Bref, on devait aller tranquilliser un éléphant en musth ! Mais juste avant de partir sur les lieux on s’est aperçus qu’aucune fléchette ne fonctionnait...pas de bol…Sauf que la situation était quand même assez grave car le cornac avait été envoyé à l’hôpital par cet éléphant (une jambe cassée par un coup de trompe). Et qu’il voulait tuer son éléphant si personne ne pouvait le maitriser. Finalement, d’après ce qu’on nous a dit, 3 soldats sont venus pour encercler l’éléphant et avaient pour mission de tuer l’éléphant si jamais il cassait ces chaînes. Quelques jours après, on a enfin réussi à obtenir des fléchettes opérationnelles juste au moment où 6 cornacs avaient finalement réussi à le rattacher…Nous avons donc été parfaitement inutiles ! Clap clap clap ! On se rattrapera…

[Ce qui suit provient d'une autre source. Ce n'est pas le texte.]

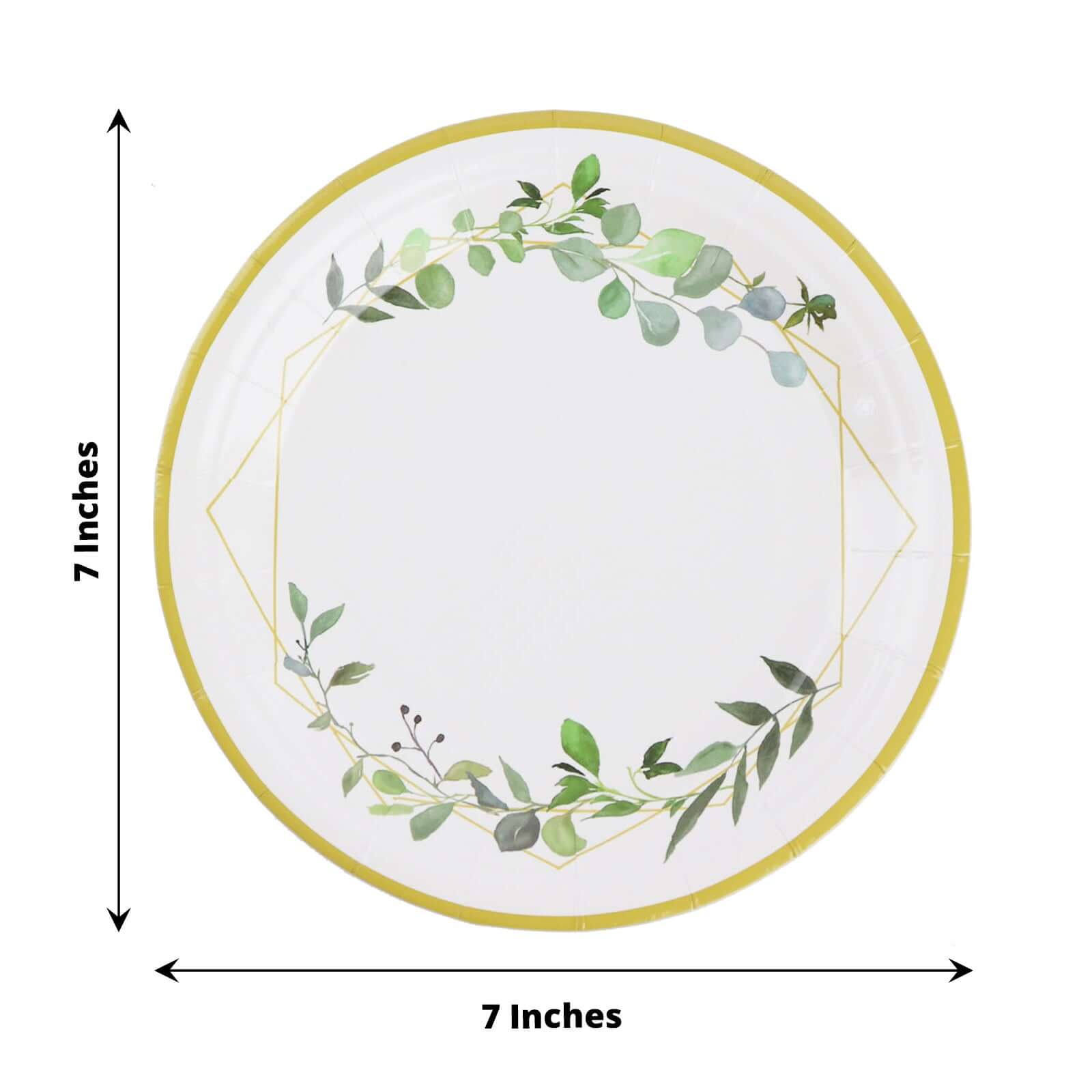 24-Pack Paper 7 Round Dessert Plates in White with Eucalyptus Leaves & Gold Rim - Disposable 300GSM Salad Plates for Garden Weddings & Celebrations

Voici la nouvelle photo mystère du jour, le niveau est un peu plus dur la récompense sera donc d’autant plus grande …Mais qu’est ce que ça peut bien pouvoir être ?!!!
Et sinon, continuez à nous laisser des messages ça nous fait super plaisir et ça alimente nos soirées (extinction des feux à 21h pour nous à peu près tous les soirs !).
Bonne chance à tous nos copains qui sont en pleine dernière ligne droite de thèse, on pense bien à vous (surtout à chaque pot de thèse qu’on manque...snif !).